EXERCISE GOAL =
Repeat the lines from the line with "I'm going to" to the line with "In this box" in the listing below, keeping both end lines and adding nothing.

DATA =
────────────────
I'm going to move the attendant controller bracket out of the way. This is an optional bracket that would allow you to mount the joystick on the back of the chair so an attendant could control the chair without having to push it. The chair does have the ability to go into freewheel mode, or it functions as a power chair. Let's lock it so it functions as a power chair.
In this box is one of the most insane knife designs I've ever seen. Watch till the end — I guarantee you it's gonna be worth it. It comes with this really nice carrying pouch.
────────────────
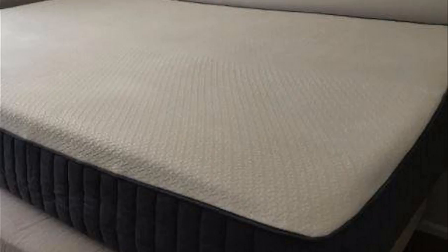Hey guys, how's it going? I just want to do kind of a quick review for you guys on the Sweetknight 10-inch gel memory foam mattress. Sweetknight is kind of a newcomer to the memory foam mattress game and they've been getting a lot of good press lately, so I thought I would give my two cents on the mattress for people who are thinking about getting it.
────────────────
OUTPUT BELOW =
I'm going to move the attendant controller bracket out of the way. This is an optional bracket that would allow you to mount the joystick on the back of the chair so an attendant could control the chair without having to push it. The chair does have the ability to go into freewheel mode, or it functions as a power chair. Let's lock it so it functions as a power chair.
In this box is one of the most insane knife designs I've ever seen. Watch till the end — I guarantee you it's gonna be worth it. It comes with this really nice carrying pouch.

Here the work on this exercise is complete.